What to do:
The data beneath this task has to be reprinted character for character.

Extracted information:
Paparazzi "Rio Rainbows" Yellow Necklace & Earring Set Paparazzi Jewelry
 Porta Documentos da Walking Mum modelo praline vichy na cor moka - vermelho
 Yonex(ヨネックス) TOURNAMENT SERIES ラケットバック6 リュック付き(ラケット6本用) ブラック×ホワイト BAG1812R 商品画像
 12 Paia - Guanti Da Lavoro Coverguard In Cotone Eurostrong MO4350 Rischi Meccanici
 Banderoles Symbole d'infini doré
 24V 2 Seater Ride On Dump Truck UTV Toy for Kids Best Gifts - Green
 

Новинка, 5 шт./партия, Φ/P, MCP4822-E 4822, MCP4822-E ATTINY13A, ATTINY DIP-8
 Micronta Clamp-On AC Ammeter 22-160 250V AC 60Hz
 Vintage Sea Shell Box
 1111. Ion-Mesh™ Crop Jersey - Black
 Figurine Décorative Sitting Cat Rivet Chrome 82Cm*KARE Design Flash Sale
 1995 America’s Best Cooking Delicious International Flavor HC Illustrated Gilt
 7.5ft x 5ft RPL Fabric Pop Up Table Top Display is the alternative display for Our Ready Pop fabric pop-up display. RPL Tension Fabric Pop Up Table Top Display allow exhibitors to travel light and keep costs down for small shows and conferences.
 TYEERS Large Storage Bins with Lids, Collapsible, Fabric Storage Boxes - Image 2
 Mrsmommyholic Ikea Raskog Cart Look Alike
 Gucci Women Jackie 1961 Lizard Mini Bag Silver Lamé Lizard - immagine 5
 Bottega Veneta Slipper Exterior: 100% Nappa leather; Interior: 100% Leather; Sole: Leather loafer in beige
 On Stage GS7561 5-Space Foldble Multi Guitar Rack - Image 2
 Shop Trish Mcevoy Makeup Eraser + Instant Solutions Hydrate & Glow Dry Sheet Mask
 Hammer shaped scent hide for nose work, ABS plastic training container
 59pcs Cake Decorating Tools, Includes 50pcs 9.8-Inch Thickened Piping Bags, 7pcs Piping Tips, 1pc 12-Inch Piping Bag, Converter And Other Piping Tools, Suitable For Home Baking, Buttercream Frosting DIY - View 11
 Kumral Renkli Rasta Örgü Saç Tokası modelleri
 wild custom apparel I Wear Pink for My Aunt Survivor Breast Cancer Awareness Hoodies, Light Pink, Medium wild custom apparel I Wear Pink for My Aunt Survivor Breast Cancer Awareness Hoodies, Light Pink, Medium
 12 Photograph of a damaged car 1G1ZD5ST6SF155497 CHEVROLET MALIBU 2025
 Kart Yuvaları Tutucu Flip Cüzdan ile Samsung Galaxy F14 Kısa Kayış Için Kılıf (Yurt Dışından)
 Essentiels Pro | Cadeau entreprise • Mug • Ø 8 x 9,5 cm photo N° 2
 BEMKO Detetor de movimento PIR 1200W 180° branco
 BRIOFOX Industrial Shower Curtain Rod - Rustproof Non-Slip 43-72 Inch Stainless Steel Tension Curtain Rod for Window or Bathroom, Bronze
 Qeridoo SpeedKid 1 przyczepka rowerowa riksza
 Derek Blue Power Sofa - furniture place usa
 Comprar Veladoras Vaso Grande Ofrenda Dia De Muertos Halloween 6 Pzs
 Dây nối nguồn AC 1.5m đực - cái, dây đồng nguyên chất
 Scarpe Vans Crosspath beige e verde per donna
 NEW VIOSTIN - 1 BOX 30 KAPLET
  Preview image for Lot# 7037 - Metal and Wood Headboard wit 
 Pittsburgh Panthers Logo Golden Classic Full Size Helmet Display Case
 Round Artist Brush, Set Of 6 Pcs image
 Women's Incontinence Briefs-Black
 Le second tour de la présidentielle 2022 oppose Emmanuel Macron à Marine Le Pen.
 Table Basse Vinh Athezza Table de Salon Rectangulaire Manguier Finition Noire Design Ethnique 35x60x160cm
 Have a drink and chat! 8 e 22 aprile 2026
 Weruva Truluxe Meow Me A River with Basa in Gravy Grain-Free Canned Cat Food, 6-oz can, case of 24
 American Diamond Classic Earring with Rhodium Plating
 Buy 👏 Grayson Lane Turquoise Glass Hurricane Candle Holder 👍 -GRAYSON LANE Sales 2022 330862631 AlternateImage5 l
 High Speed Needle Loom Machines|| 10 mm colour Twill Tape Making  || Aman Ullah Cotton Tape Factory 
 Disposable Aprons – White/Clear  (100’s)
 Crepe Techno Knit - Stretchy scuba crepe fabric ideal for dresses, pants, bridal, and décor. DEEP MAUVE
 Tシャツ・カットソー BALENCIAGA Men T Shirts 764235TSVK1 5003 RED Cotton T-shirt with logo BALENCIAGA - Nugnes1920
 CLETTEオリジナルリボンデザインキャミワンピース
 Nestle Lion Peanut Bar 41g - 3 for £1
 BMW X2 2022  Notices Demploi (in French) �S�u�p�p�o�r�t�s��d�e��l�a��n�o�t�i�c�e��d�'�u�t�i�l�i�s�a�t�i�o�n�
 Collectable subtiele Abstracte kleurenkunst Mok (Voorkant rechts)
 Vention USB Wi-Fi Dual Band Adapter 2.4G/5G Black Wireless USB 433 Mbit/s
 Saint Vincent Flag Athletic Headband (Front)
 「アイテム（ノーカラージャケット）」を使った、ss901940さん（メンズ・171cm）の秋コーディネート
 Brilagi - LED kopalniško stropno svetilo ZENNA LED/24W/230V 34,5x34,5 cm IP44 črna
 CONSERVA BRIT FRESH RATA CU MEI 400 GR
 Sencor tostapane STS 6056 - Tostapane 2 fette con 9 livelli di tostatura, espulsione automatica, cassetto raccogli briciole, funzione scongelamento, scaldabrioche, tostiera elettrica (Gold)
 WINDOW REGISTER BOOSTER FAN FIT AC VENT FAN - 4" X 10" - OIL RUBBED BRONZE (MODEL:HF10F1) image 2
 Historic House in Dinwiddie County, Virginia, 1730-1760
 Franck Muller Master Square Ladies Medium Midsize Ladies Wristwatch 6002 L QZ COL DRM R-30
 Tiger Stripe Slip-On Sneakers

Solution to the problem:
Paparazzi "Rio Rainbows" Yellow Necklace & Earring Set Paparazzi Jewelry
 Porta Documentos da Walking Mum modelo praline vichy na cor moka - vermelho
 Yonex(ヨネックス) TOURNAMENT SERIES ラケットバック6 リュック付き(ラケット6本用) ブラック×ホワイト BAG1812R 商品画像
 12 Paia - Guanti Da Lavoro Coverguard In Cotone Eurostrong MO4350 Rischi Meccanici
 Banderoles Symbole d'infini doré
 24V 2 Seater Ride On Dump Truck UTV Toy for Kids Best Gifts - Green
 

Новинка, 5 шт./партия, Φ/P, MCP4822-E 4822, MCP4822-E ATTINY13A, ATTINY DIP-8
 Micronta Clamp-On AC Ammeter 22-160 250V AC 60Hz
 Vintage Sea Shell Box
 1111. Ion-Mesh™ Crop Jersey - Black
 Figurine Décorative Sitting Cat Rivet Chrome 82Cm*KARE Design Flash Sale
 1995 America’s Best Cooking Delicious International Flavor HC Illustrated Gilt
 7.5ft x 5ft RPL Fabric Pop Up Table Top Display is the alternative display for Our Ready Pop fabric pop-up display. RPL Tension Fabric Pop Up Table Top Display allow exhibitors to travel light and keep costs down for small shows and conferences.
 TYEERS Large Storage Bins with Lids, Collapsible, Fabric Storage Boxes - Image 2
 Mrsmommyholic Ikea Raskog Cart Look Alike
 Gucci Women Jackie 1961 Lizard Mini Bag Silver Lamé Lizard - immagine 5
 Bottega Veneta Slipper Exterior: 100% Nappa leather; Interior: 100% Leather; Sole: Leather loafer in beige
 On Stage GS7561 5-Space Foldble Multi Guitar Rack - Image 2
 Shop Trish Mcevoy Makeup Eraser + Instant Solutions Hydrate & Glow Dry Sheet Mask
 Hammer shaped scent hide for nose work, ABS plastic training container
 59pcs Cake Decorating Tools, Includes 50pcs 9.8-Inch Thickened Piping Bags, 7pcs Piping Tips, 1pc 12-Inch Piping Bag, Converter And Other Piping Tools, Suitable For Home Baking, Buttercream Frosting DIY - View 11
 Kumral Renkli Rasta Örgü Saç Tokası modelleri
 wild custom apparel I Wear Pink for My Aunt Survivor Breast Cancer Awareness Hoodies, Light Pink, Medium wild custom apparel I Wear Pink for My Aunt Survivor Breast Cancer Awareness Hoodies, Light Pink, Medium
 12 Photograph of a damaged car 1G1ZD5ST6SF155497 CHEVROLET MALIBU 2025
 Kart Yuvaları Tutucu Flip Cüzdan ile Samsung Galaxy F14 Kısa Kayış Için Kılıf (Yurt Dışından)
 Essentiels Pro | Cadeau entreprise • Mug • Ø 8 x 9,5 cm photo N° 2
 BEMKO Detetor de movimento PIR 1200W 180° branco
 BRIOFOX Industrial Shower Curtain Rod - Rustproof Non-Slip 43-72 Inch Stainless Steel Tension Curtain Rod for Window or Bathroom, Bronze
 Qeridoo SpeedKid 1 przyczepka rowerowa riksza
 Derek Blue Power Sofa - furniture place usa
 Comprar Veladoras Vaso Grande Ofrenda Dia De Muertos Halloween 6 Pzs
 Dây nối nguồn AC 1.5m đực - cái, dây đồng nguyên chất
 Scarpe Vans Crosspath beige e verde per donna
 NEW VIOSTIN - 1 BOX 30 KAPLET
  Preview image for Lot# 7037 - Metal and Wood Headboard wit 
 Pittsburgh Panthers Logo Golden Classic Full Size Helmet Display Case
 Round Artist Brush, Set Of 6 Pcs image
 Women's Incontinence Briefs-Black
 Le second tour de la présidentielle 2022 oppose Emmanuel Macron à Marine Le Pen.
 Table Basse Vinh Athezza Table de Salon Rectangulaire Manguier Finition Noire Design Ethnique 35x60x160cm
 Have a drink and chat! 8 e 22 aprile 2026
 Weruva Truluxe Meow Me A River with Basa in Gravy Grain-Free Canned Cat Food, 6-oz can, case of 24
 American Diamond Classic Earring with Rhodium Plating
 Buy 👏 Grayson Lane Turquoise Glass Hurricane Candle Holder 👍 -GRAYSON LANE Sales 2022 330862631 AlternateImage5 l
 High Speed Needle Loom Machines|| 10 mm colour Twill Tape Making  || Aman Ullah Cotton Tape Factory 
 Disposable Aprons – White/Clear  (100’s)
 Crepe Techno Knit - Stretchy scuba crepe fabric ideal for dresses, pants, bridal, and décor. DEEP MAUVE
 Tシャツ・カットソー BALENCIAGA Men T Shirts 764235TSVK1 5003 RED Cotton T-shirt with logo BALENCIAGA - Nugnes1920
 CLETTEオリジナルリボンデザインキャミワンピース
 Nestle Lion Peanut Bar 41g - 3 for £1
 BMW X2 2022  Notices Demploi (in French) �S�u�p�p�o�r�t�s��d�e��l�a��n�o�t�i�c�e��d�'�u�t�i�l�i�s�a�t�i�o�n�
 Collectable subtiele Abstracte kleurenkunst Mok (Voorkant rechts)
 Vention USB Wi-Fi Dual Band Adapter 2.4G/5G Black Wireless USB 433 Mbit/s
 Saint Vincent Flag Athletic Headband (Front)
 「アイテム（ノーカラージャケット）」を使った、ss901940さん（メンズ・171cm）の秋コーディネート
 Brilagi - LED kopalniško stropno svetilo ZENNA LED/24W/230V 34,5x34,5 cm IP44 črna
 CONSERVA BRIT FRESH RATA CU MEI 400 GR
 Sencor tostapane STS 6056 - Tostapane 2 fette con 9 livelli di tostatura, espulsione automatica, cassetto raccogli briciole, funzione scongelamento, scaldabrioche, tostiera elettrica (Gold)
 WINDOW REGISTER BOOSTER FAN FIT AC VENT FAN - 4" X 10" - OIL RUBBED BRONZE (MODEL:HF10F1) image 2
 Historic House in Dinwiddie County, Virginia, 1730-1760
 Franck Muller Master Square Ladies Medium Midsize Ladies Wristwatch 6002 L QZ COL DRM R-30
 Tiger Stripe Slip-On Sneakers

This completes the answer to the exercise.